Comments and Suggestions for Authors

The authors of manuscript ID plants-2727721 'In vivo phosphorylation of the cytosolic glucose-6-phosphate dehydrogenase isozyme G6PD6 in phosphate-resupplied Arabidopsis thaliana suspension cells and seedlings' have improved the document.

One last concern: while there is no hard rule on length, conclusions are typically one paragraph long. The findings should restate your main points and provide closure. In the actual form, conclusions include references and mention figures; please modify.

Author Response

Response to Reviewer 3 Comments

1. Summary

Thank you very much for taking the time to review our manuscript.
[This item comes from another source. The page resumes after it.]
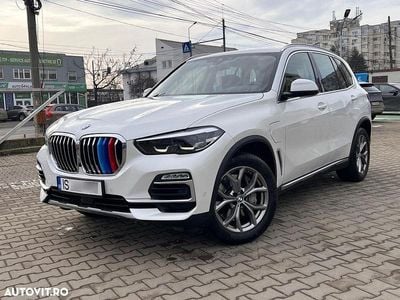 Second-hand BMW X5 Sport Line 394 CP (289 kW) 2020 Culoarealb SUV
Please find the detailed responses below and the corresponding revisions/corrections highlighted/in track changes in the re-submitted files.

Point-by-point response to Reviewer 3 Comments and Suggestions for Authors

Comments 1:   The authors of manuscript ID plants-2727721 'In vivo phosphorylation of the cytosolic glucose-6-phosphate dehydrogenase isozyme G6PD6 in phosphate-resupplied Arabidopsis thaliana suspension cells and seedlings' have improved the document. One last concern: while there is no hard rule on length, conclusions are typically one paragraph long. The findings should restate your main points and provide closure. In the actual form, conclusions include references and mention figures; please modify.
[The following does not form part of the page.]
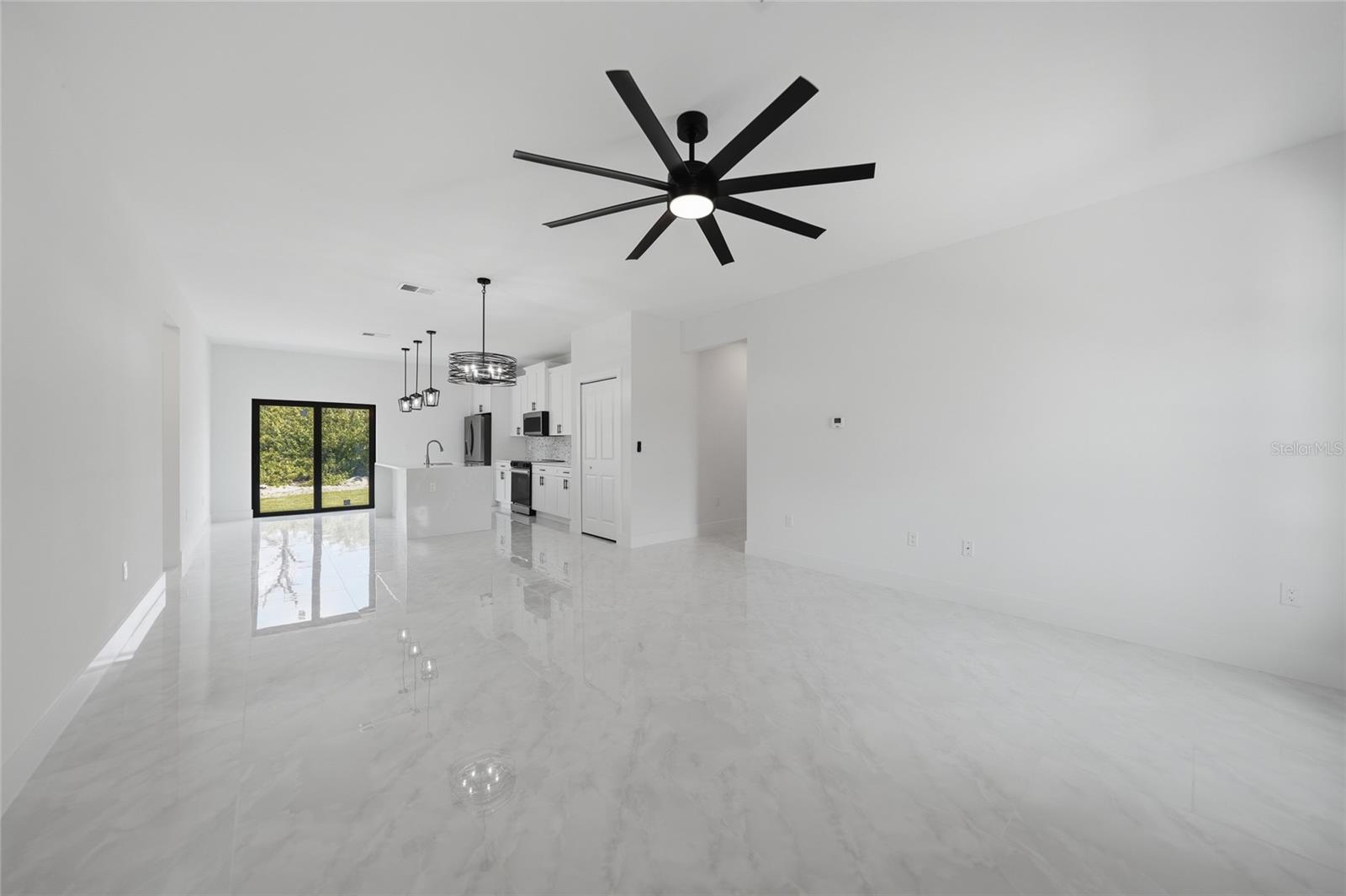 11370 GULFSTREAM BLVD, PORT CHARLOTTE, FL, 33981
Response 1:  The manuscript has been revised in accordance with reviewer 3's valid comment. The 'Conclusions' section has been modified into a single, brief paragraph that restates our main points & provides closure. Several parts of the previous 'Conclusions' have been integrated into relevant portions of the Discussion. As a result we believe our  manuscript reads much better, and we are therefore grateful to this reviewer for their helpful comment.